Subsetting data with dplyr
Last updated on 2022-09-07 | Edit this page
Overview
Questions
- How can I subset the number of columns in my data set?
- How can I reduce the number of rows in my data set?
Objectives
- Use
select()
to reduce columns - Use tidyselectors like
starts_with()
withinselect()
to reduce columns - Use
filter()
to reduce rows - Understand common logical operations using
filter()
Motivation
In many cases, we are working with data sets that contain more data than we need, or we want to inspect certain parts of the data set before we continue. Subsetting data sets can be challenging in base R, because there is a fair bit of repetition. This can make code difficult to readn and understand.
The {dplyr} package
The {dplyr} package provides a number of very useful functions for manipulating data sets in a way that will reduce the probability of making errors, and even save you some typing time. As an added bonus, you might even find the {dplyr} grammar easier to read.

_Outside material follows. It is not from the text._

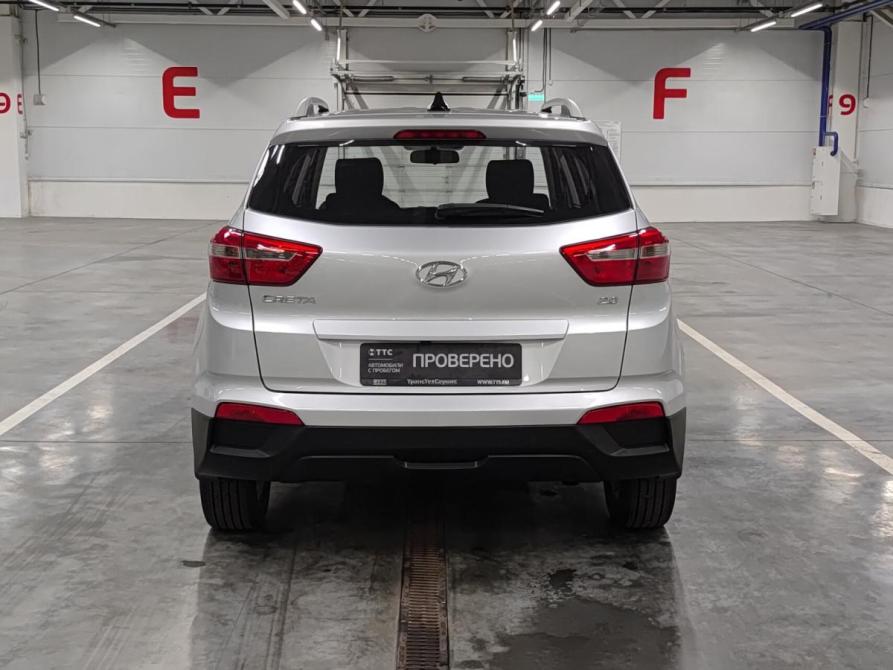 Hyundai Creta I Казань  - изображение 7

We’re going to cover 6 of the most commonly used functions as well as using pipes (|>
) to combine them.
-
select()
(covered in this session) -
filter()
(covered in this session) -
arrange()
(covered in this session) -
mutate()
(covered in next session) -
group_by()
(covered in Day 2 session) -
summarize()
(covered in Day 2 session)
Selecting columns
Let us first talk about selecting columns. In {dplyr}, the function name for selecting columns is select()
! Most {tidyverse} function names for functions are inspired by English grammar, which will help us when we are writing our code.

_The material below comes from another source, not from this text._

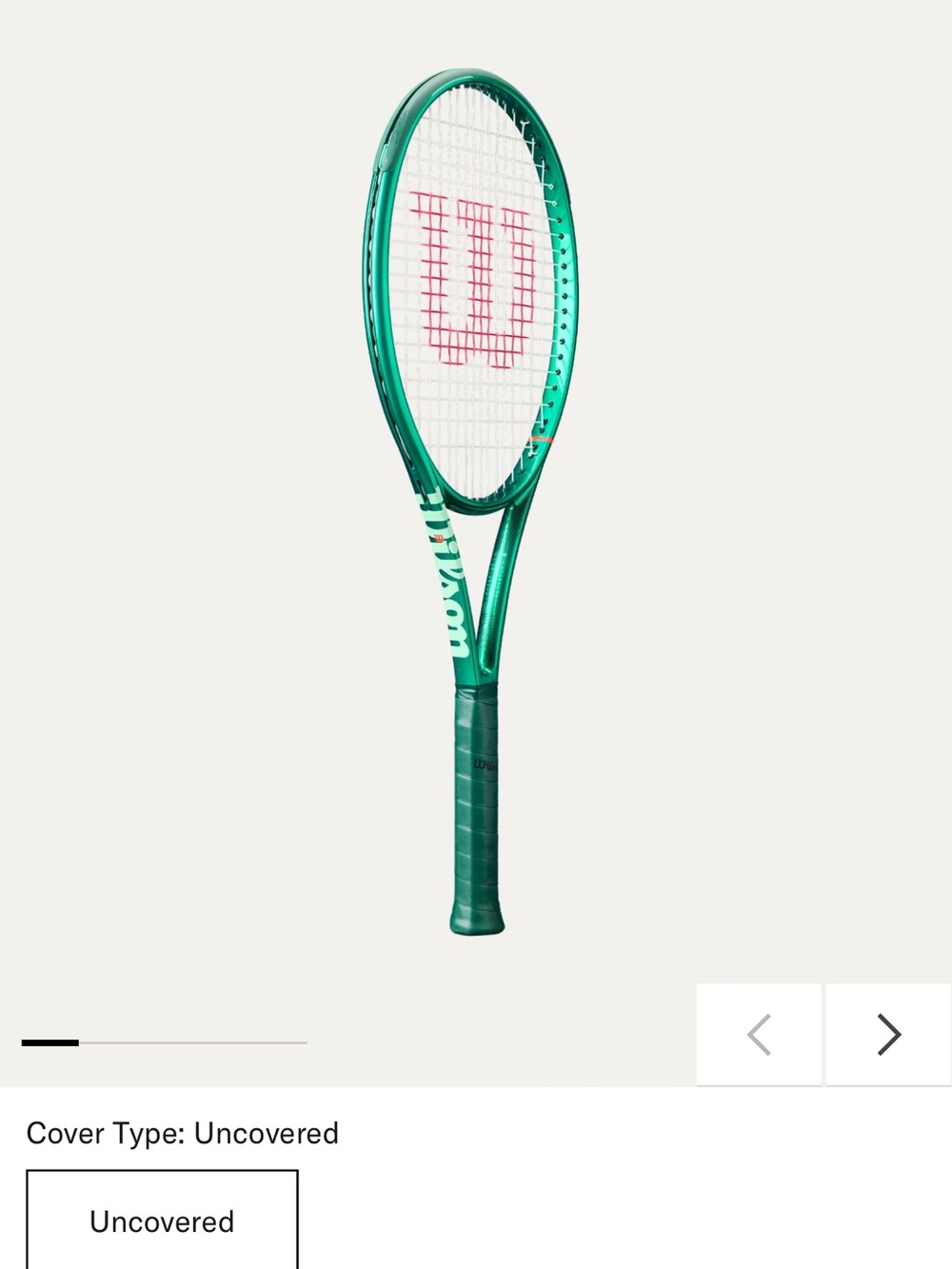 Wilson Blade VX – NWT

We first need to make sure we have the tidyverse loaded and the penguins data set at hand.
R
library(tidyverse)
penguins <- read_csv("data/penguins.csv")
To select data, we must first tell select which data set we are selecting from, and then give it our selection. Here, we are asking R to select()
from the penguins
data set the island
, species
and sex
columns
R
select(penguins, island, species, sex)
OUTPUT
# A tibble: 344 × 3
island species sex
<fct> <fct> <fct>
1 Torgersen Adelie male
2 Torgersen Adelie female
3 Torgersen Adelie female
4 Torgersen Adelie <NA>
5 Torgersen Adelie female
6 Torgersen Adelie male
7 Torgersen Adelie female
8 Torgersen Adelie male
9 Torgersen Adelie <NA>
10 Torgersen Adelie <NA>
# … with 334 more rows
# ℹ Use `print(n = ...)` to see more rows
When we use select()
we don’t need to use quotations, we write in the names directly. We can also use the numeric indexes for the column, if we are 100% certain of the order of the columns:
R
select(penguins, 1:3, 6)
OUTPUT
# A tibble: 344 × 4
species island bill_length_mm body_mass_g
<fct> <fct> <dbl> <int>
1 Adelie Torgersen 39.1 3750
2 Adelie Torgersen 39.5 3800
3 Adelie Torgersen 40.3 3250
4 Adelie Torgersen NA NA
5 Adelie Torgersen 36.7 3450
6 Adelie Torgersen 39.3 3650
7 Adelie Torgersen 38.9 3625
8 Adelie Torgersen 39.2 4675
9 Adelie Torgersen 34.1 3475
10 Adelie Torgersen 42 4250
# … with 334 more rows
# ℹ Use `print(n = ...)` to see more rows
In some cases, we want to remove columns, and not necessarily state all columns we want to keep. Select also allows for this by adding a minus (-
) sign in front of the column name you don’t want.
R
select(penguins, -bill_length_mm, -bill_depth_mm)
OUTPUT
# A tibble: 344 × 6
species island flipper_length_mm body_mass_g sex year
<fct> <fct> <int> <int> <fct> <int>
1 Adelie Torgersen 181 3750 male 2007
2 Adelie Torgersen 186 3800 female 2007
3 Adelie Torgersen 195 3250 female 2007
4 Adelie Torgersen NA NA <NA> 2007
5 Adelie Torgersen 193 3450 female 2007
6 Adelie Torgersen 190 3650 male 2007
7 Adelie Torgersen 181 3625 female 2007
8 Adelie Torgersen 195 4675 male 2007
9 Adelie Torgersen 193 3475 <NA> 2007
10 Adelie Torgersen 190 4250 <NA> 2007
# … with 334 more rows
# ℹ Use `print(n = ...)` to see more rows
R
select(penguins, sex, year, species)
OUTPUT
# A tibble: 344 × 3
sex year species
<fct> <int> <fct>
1 male 2007 Adelie
2 female 2007 Adelie
3 female 2007 Adelie
4 <NA> 2007 Adelie
5 female 2007 Adelie
6 male 2007 Adelie
7 female 2007 Adelie
8 male 2007 Adelie
9 <NA> 2007 Adelie
10 <NA> 2007 Adelie
# … with 334 more rows
# ℹ Use `print(n = ...)` to see more rows
R
select(penguins, species, sex, year)
OUTPUT
# A tibble: 344 × 3
species sex year
<fct> <fct> <int>
1 Adelie male 2007
2 Adelie female 2007
3 Adelie female 2007
4 Adelie <NA> 2007
5 Adelie female 2007
6 Adelie male 2007
7 Adelie female 2007
8 Adelie male 2007
9 Adelie <NA> 2007
10 Adelie <NA> 2007
# … with 334 more rows
# ℹ Use `print(n = ...)` to see more rows
select does not only subset columns, but it can also re-arrange them. The columns appear in the order your selection is specified.
Tidy selections
These selections are quite convenient and fast! But they can be even better.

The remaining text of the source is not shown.